Korea might be lightyears ahead of other countries with developing new digital health technologies. However, the nation falters in timely implementation, raising questions about the practical impact of its advancements. 

Korea approved two digital therapeutics (DTx) devices this year but there has been no news about the market launch since the Ministry of Food and Drug Safety (MFDS) granted the approval for these innovative devices from Aimmed and Welt in February and April this year respectively.

Korea has announced many initiatives to expand the bioindustry but still expresses very conservative views when it is time to implement innovative technologies, which can also be seen with the slow adoption of telemedicine.

What is causing the delay?

WELT-I is an insomnia DTx aimed at delivering treatment to correct psychological, behavioral, and cognitive factors that sustain or worsen insomnia based on cognitive behavioral therapy (CBT). 

Aimmed’s Somzz is a software medical device that also implements CBT to treat insomnia patients by increasing sleep efficiency through sleep habit training, real-time feedback, and behavioral intervention provided by the mobile app for six to nine weeks. 

As the developers of the first approved DTx devices in Korea, both Welt and Aimmed are exploring uncharted territory. 

Even after receiving approval, both companies have to prepare for the pilot project to accumulate real-world evidence of the DTx device, as required by the National Evidence-based Healthcare Collaborating Agency (NECA). 
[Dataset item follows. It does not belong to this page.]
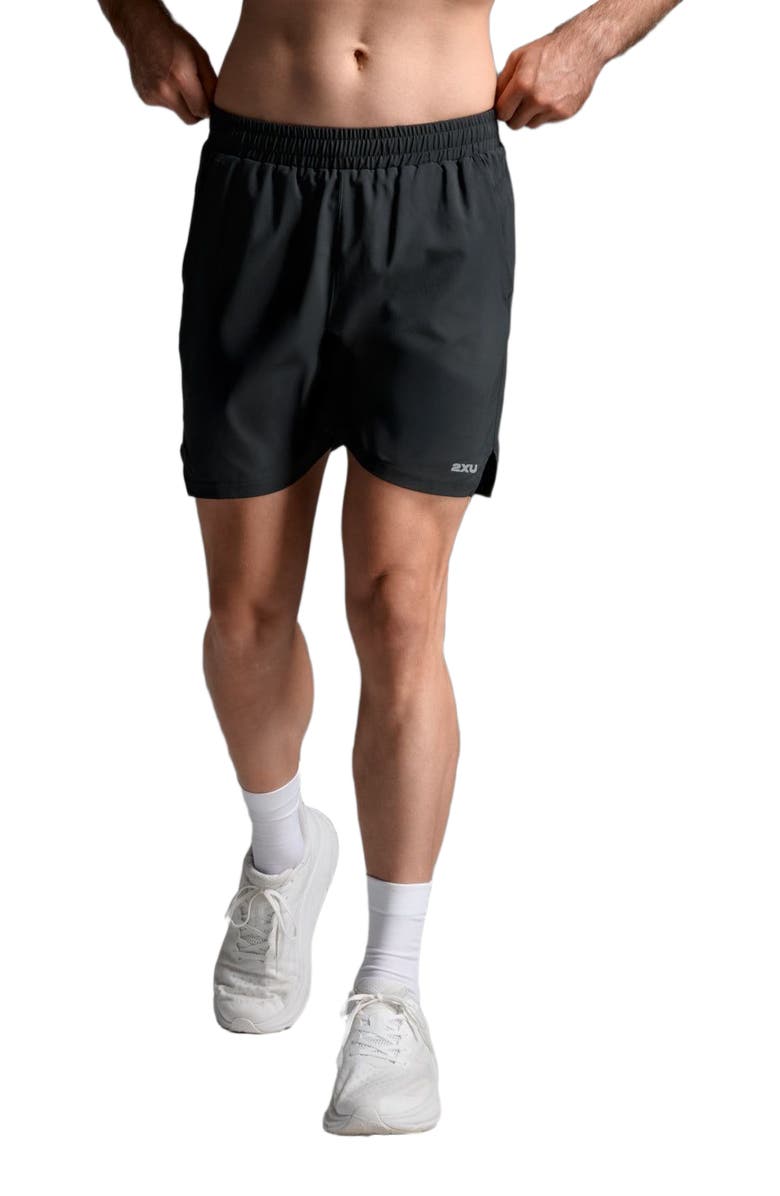 2XU Aero 7 Inch Shorts, Main, color, Black/Silver Reflective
Welt CEO Sean Kang expressed his frustration with the slow launch saying that it was being delayed as they were required to jump through several hoops to undergo a pilot project. 

“This can take anywhere from one to three years depending on the amount of evidence we can generate within this time,” he explained. 
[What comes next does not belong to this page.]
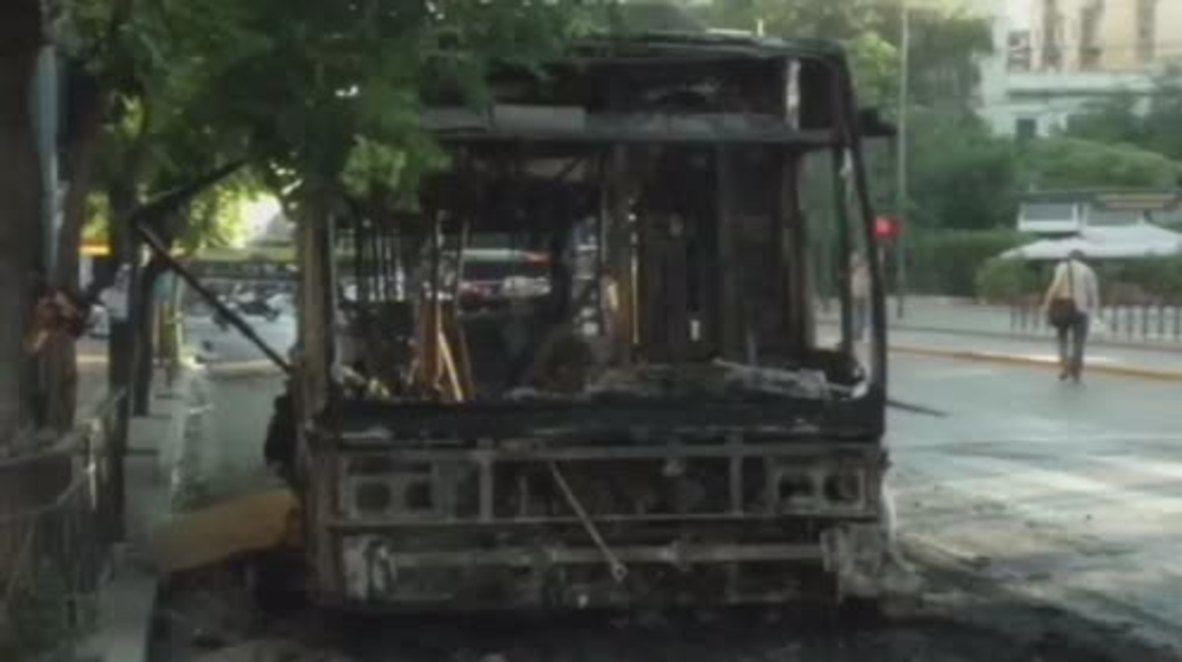 Greece: Anti-austerity protests turn violent as bus and bins torched in Athens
The pilot project will be conducted with selected hospitals and then later expanded if they generate sufficient evidence. He mentioned that some of the things delaying the launch were the integration of the back end of the DTx with the hospital's electronic medical records (EMR), adapting patients and physicians to the device, and other procedures that were consuming more time than expected. 
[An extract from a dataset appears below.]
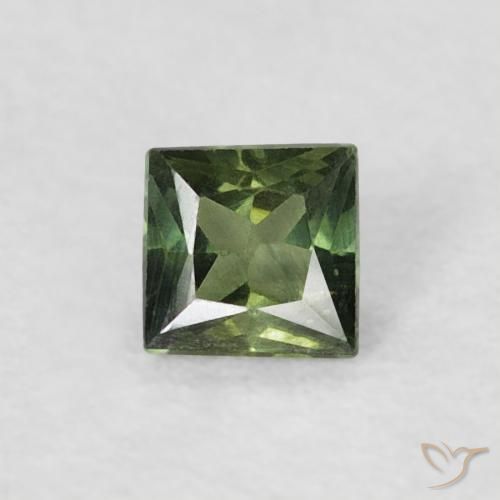 0.21ct Natural Deep Green Sapphire, Square, VS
“All the extra steps make the product developed for clinical trials feel like a completely different one,” Kang said.

Still, he expects the pilot project to be started earliest at the end of this year or latest, by the first half of next year.

Similarly, Ethan Jung, the head of the DTx business unit at Aimmed, stated that the company is currently working on supplementing the results of the deliberation from NECA after submitting the first research plan. “Subsequently, the revised research plan will be submitted by next Friday, and reviewed by the evaluation committee in early September,” he explained.

How to fast-track the launch of innovative devices?

Korea recently released English guidelines on the review and approval of DTx devices.

The Digital Therapeutics Alliance (DTA) applauded Korea for leading the industry with its regulations and standards. 

However, NECA is now getting in the way of these technologies being used in real-world clinical settings.

This situation often repeats itself. NECA has been previously criticized for its evaluation being redundant and excessive. 

The Yonsei University Health System’s (YUHS) new heavy particle therapy also suffered a delay in launching the device for the first patient treatment this year and many other domestic companies with innovative technologies have also expressed similar struggles. 

While safety should be a key component for evaluating innovative devices, benchmarking policies from countries with experience in launching similar innovative devices should also be considered in the evaluation, experts said.

In particular, Germany has been recognized for its DiGA fast-track system in the DTx industry. The system allows physicians to prescribe digital therapeutic devices through an approval process based on specific evaluation criteria unique to the device and provides insurance reimbursement for a limited time before clinical evidence is established.  

While the Aimmed official acknowledged that Germany has one of the most innovative reimbursement systems, Korea does not need this particular system, he said.

"We just need to find a way for companies to collect real-world data quickly," he explained. "The government is already  making efforts to change this but as the field of DTx is new, the legal and institutional framework is not sufficient."

“I think all the members of the ecosystem, including the government, industry, and medical institutions, have to work together to get innovative devices launched faster.”